Grande partecipazione ad Arcidano per “Su tundidroxiu a s’antiga”
Grande successo per l’edizione 2026 di “Su Tundidroxiu a s’Antiga”, la rievocazione della tradizionale tosatura delle pecore secondo le antiche usanze locali che si è svolta il 2 giugno nella suggestiva area alberata di Is Codinas.
L’evento, organizzato dal Comitato Festeggiamenti di Sant’Isidoro presieduto da Alessio Zedda, ha richiamato numerosi partecipanti, confermando il forte legame della comunità arcidanese con le proprie radici agro-pastorali. Una giornata all’insegna delle tradizioni, della gastronomia, della musica e dell’intrattenimento per tutte le età, che ha riscosso un’ampia partecipazione di pubblico.

“Abbiamo ricevuto adesioni da diverse località – spiegano i ragazzi della leva 1996, organizzatori dell’edizione di quest’anno –. Siamo molto soddisfatti della risposta ottenuta. Ringraziamo il sindaco e l’amministrazione comunale, l’Auser, i Barracelli di Marrubiu, il Comitato Su Sriboi, il Dream Sound Service e tutti coloro che hanno partecipato e contribuito alla riuscita della manifestazione”.
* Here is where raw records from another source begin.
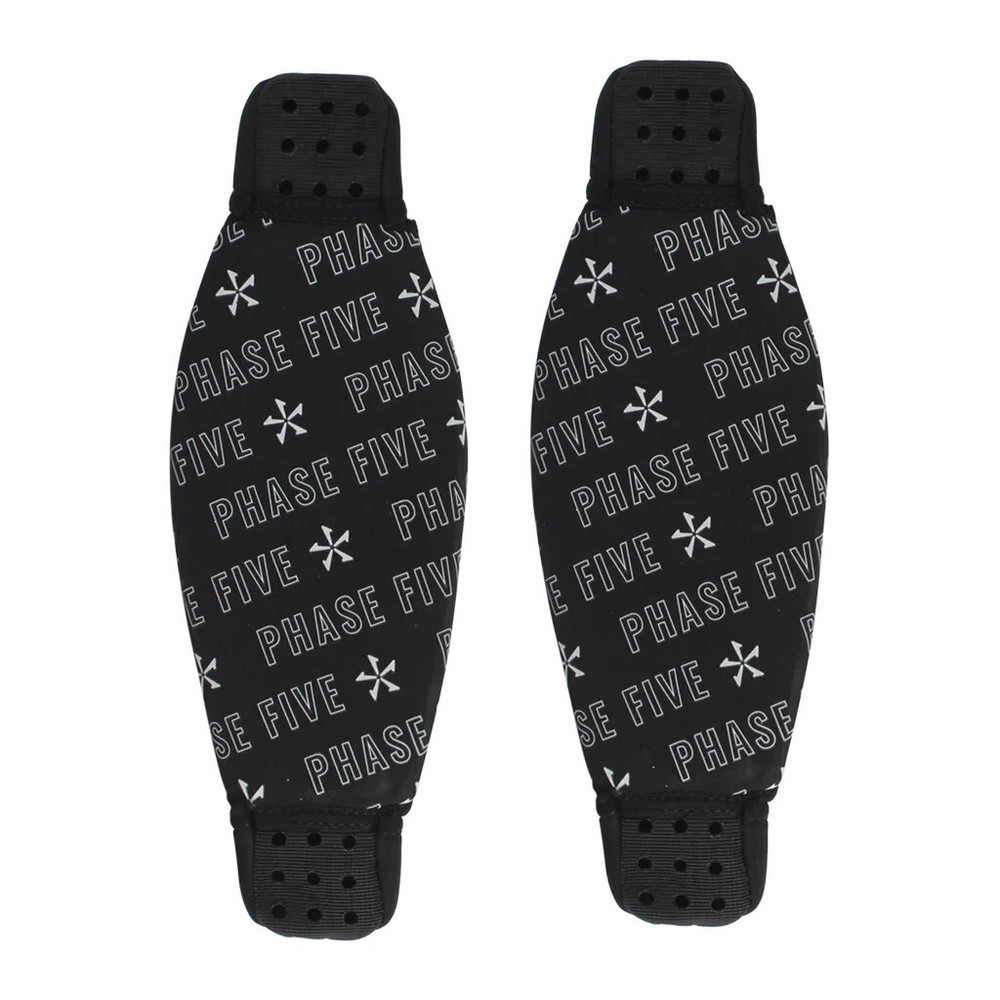 PHASE FIVE FOOT STRAPS SET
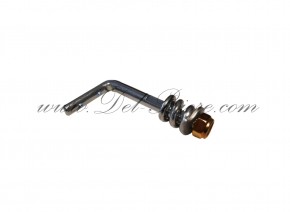 installation kit for triangular pane frame
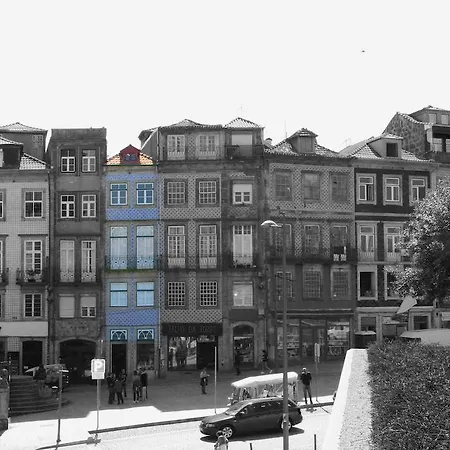 Oporto Chic & Cozy Studio Apartments-2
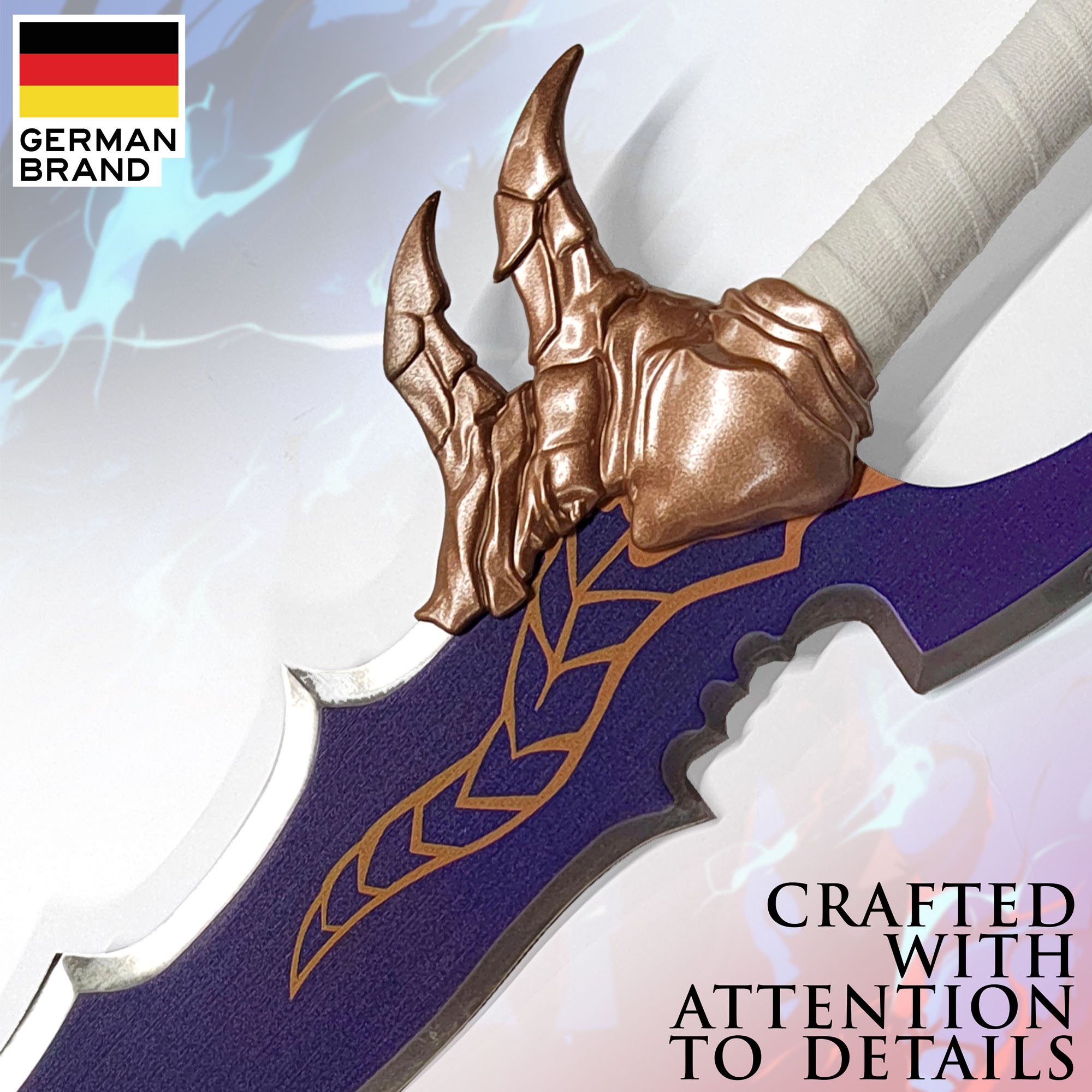 Solo Leveling - Kasakas Venom Fang Schwert von Jinwoo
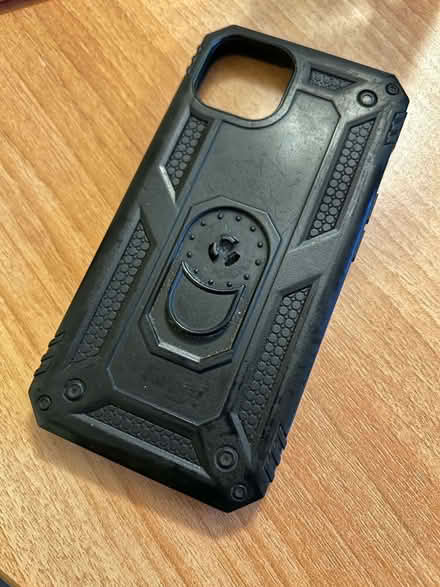 Photo of free Zero Damage iPhone case (Pepperell) #2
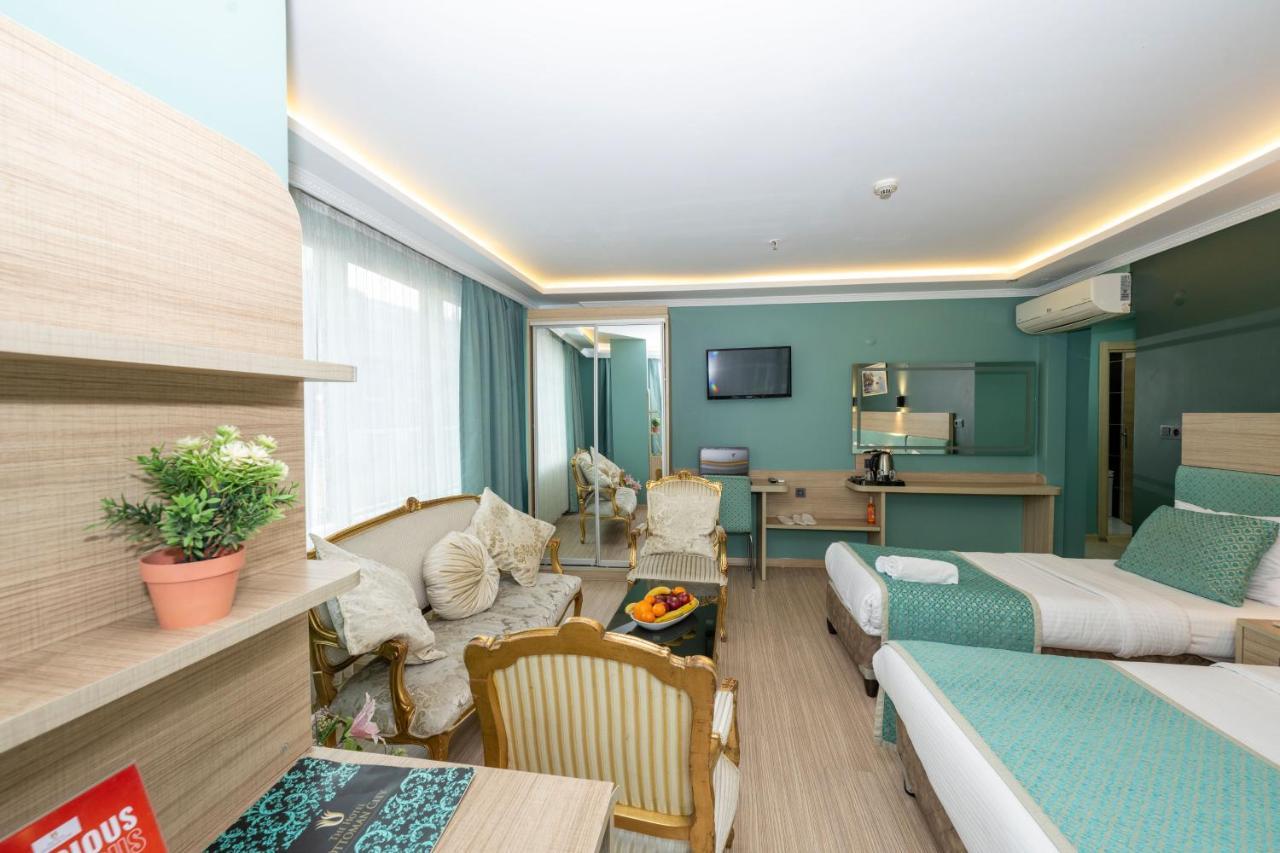 The Ottoman 4* İstanbul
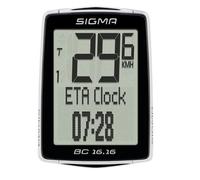 Compteur vélo filaire BC 16.16 Sigma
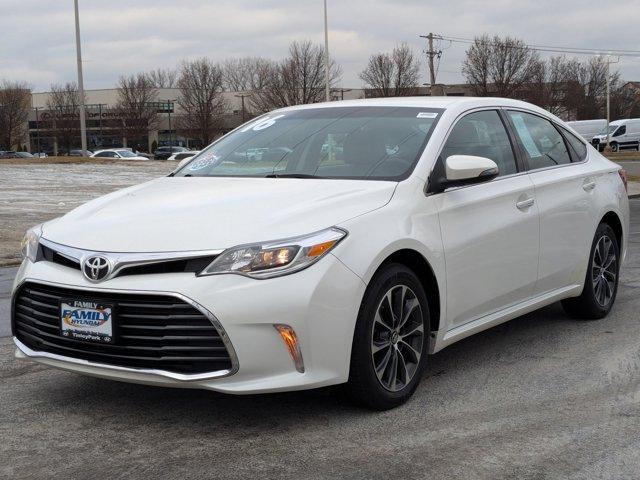 used 2016 Toyota Avalon car, priced at $16,592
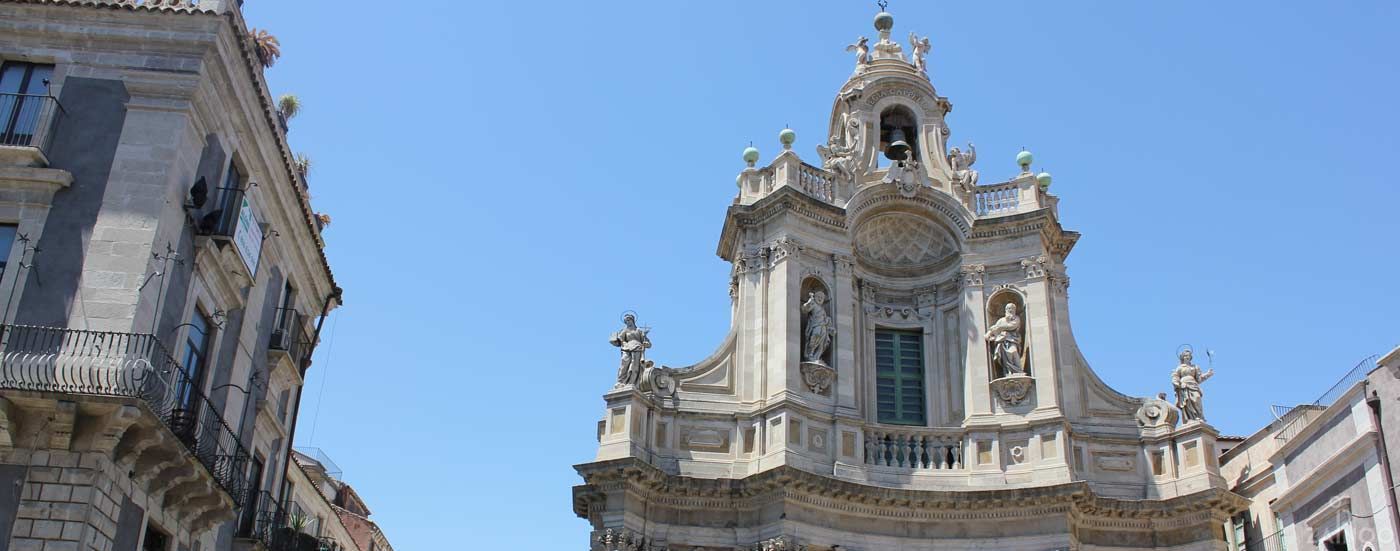 Chiesa Collegiata a Catania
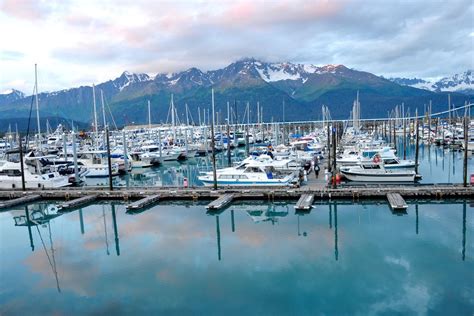 13 Most Picturesque Towns In Alaska You Must Visit | Alaska travel, Alaska vacation, Seward alaska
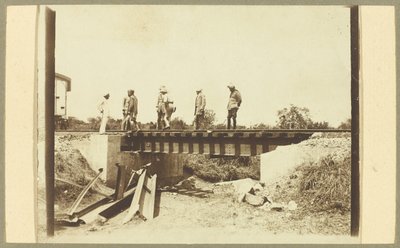 Ponte, Africa Orientale da English Photographer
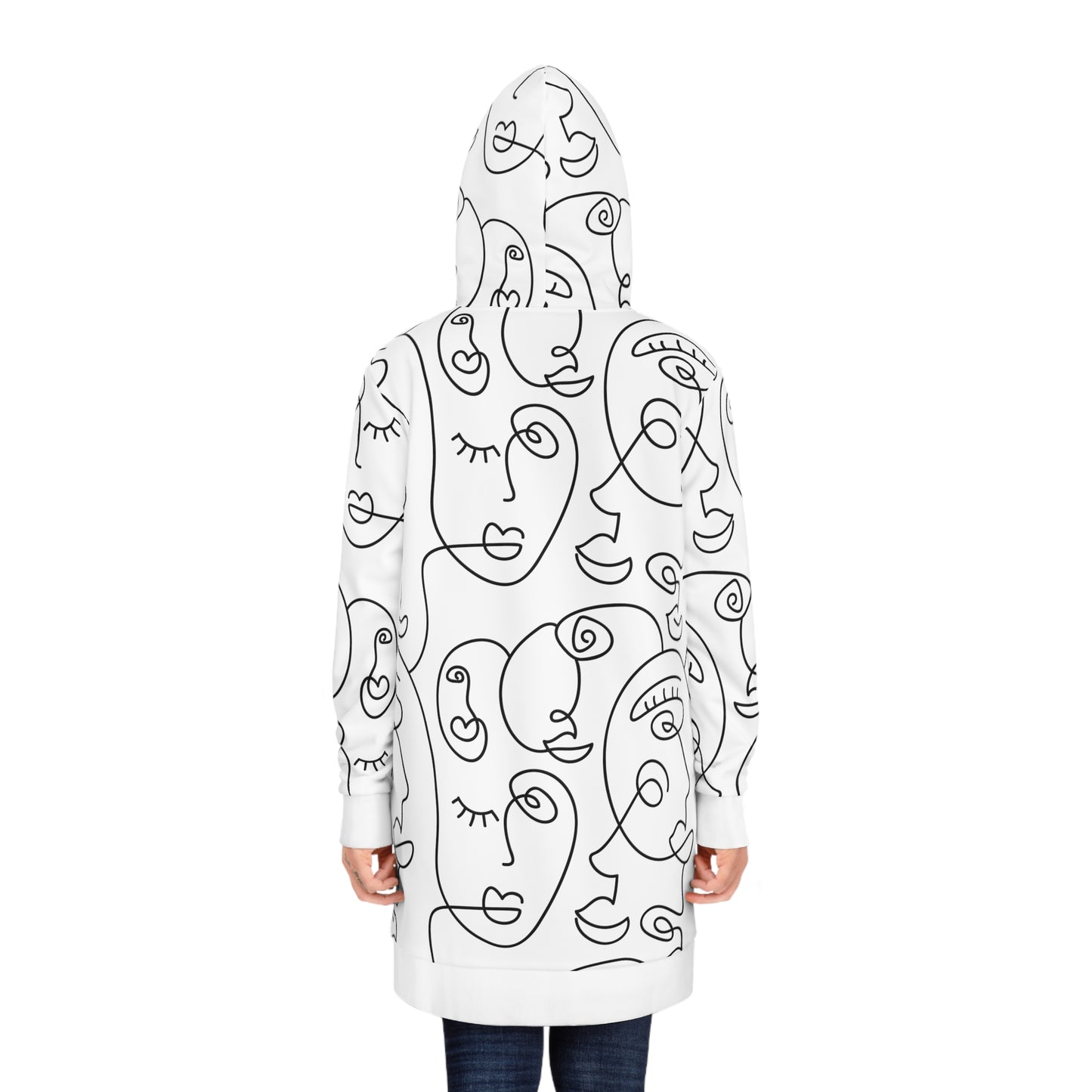 HOODIE DRESS_THE FACES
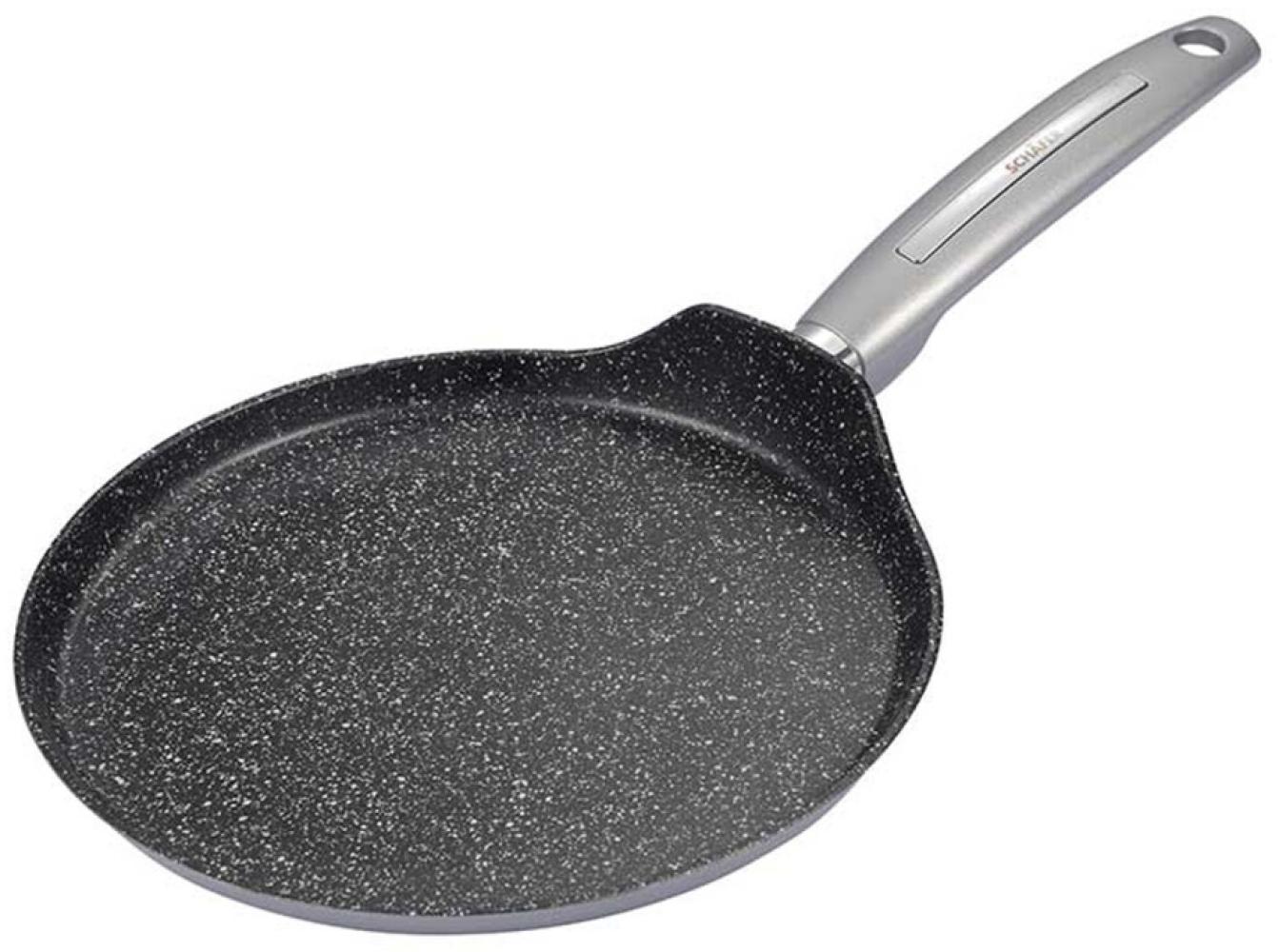 neuetischkultur Metallic Silver Crêpespfanne Ø 24 cm Bild 1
Presente fin dalle prime ore del mattino il consigliere regionale arcidanese Emanuele Cera, che ha sottolineato il valore storico e sociale della manifestazione. “La tosatura delle pecore, un tempo, non rappresentava soltanto un momento di lavoro, ma una vera occasione di festa e socialità – ha spiegato -. Amici, parenti e invitati si ritrovavano negli ovili dove ciascuno svolgeva un compito preciso: chi catturava gli animali, chi li legava, chi eseguiva la tosatura e chi raccoglieva la lana. In poche ore centinaia di capi venivano liberati del loro vello, preparandosi ad affrontare la stagione più calda”.

Al termine delle operazioni di tosatura, è arrivato poi il momento più atteso: il pranzo comunitario. Tra cibo, vino, musica e allegria, la giornata si trasformava in una grande festa popolare, simbolo di una comunità unita dalla fatica condivisa, dalla tradizione e dalla convivialità.
Proprio per mantenere viva questa importante eredità culturale, il Comitato Festeggiamenti di Sant’Isidoro ha riproposto fedelmente “Sa Tundimenta”, conosciuta anche come “Su Tundidrosciu”, ricreando l’atmosfera e le modalità con cui la tosatura si svolgeva in passato.
Archiviato con successo l’appuntamento di Is Codinas, l’attenzione si sposta ora sulla festa di Sant’Isidoro, patrono degli agricoltori, in programma il 20 e 21 giugno. Un evento particolarmente sentito a San Nicolò d’Arcidano, paese che conserva una forte vocazione agricola e zootecnica e che continua a custodire con orgoglio le proprie tradizioni.